JOURNALLING IN TEACHER EDUCATION AROUND THE WORLD
A colloquium presentation for TESOL2004.
Jill Burton, Rebecca Mlynarczyk, Phil Quirke, Tricia Trites, Ellen Lipp, Aysegul Daloglu

 

ABSTRACT
Experienced teacher educators from around the world discuss journal use with teachers.
Key issues include focus, technology, participation, motivation, continuation, relevance, reflection and teacher educator time.
Audience participation is encouraged throughout.
Participants come away with new insights for using journals.

SUMMARY
This colloquium, which is of interest to teachers as well as teacher educators, discusses how journaling is used by a group of experienced teacher educators from the US, Australia, Brazil and the UAE. Audience participation is encouraged throughout and afterwards through the group's online journal on journaling.

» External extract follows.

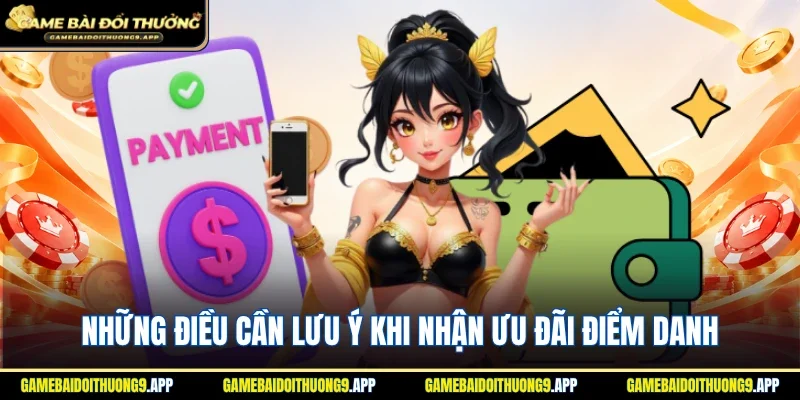 Chia sẻ các điều cần lưu ý khi nhận ưu đãi điểm danh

Jill will discuss her journal work on qualitative research with a Thai teacher colleague several thousand miles away.
Phil will discuss how he uses journals to explore classroom practice and to promote reflective practice.
Rebecca will discuss her use of journals as a tool in her work with Austrian teachers of English.
Tricia uses journals to encourage future teachers to reflect on their teaching practices as they articulate their professional and personal philosophies as well as to realize that effective teaching requires collaboration.
Ellen encourages Korean teachers, enrolled in a one-month university TEFL course, to identify major problems they face as EFL teachers, and, then, uses journal writing to reflect on and identify solutions to these problems.
Aysegul will talk about fostering reflective teaching through journals with pre-service English language teachers.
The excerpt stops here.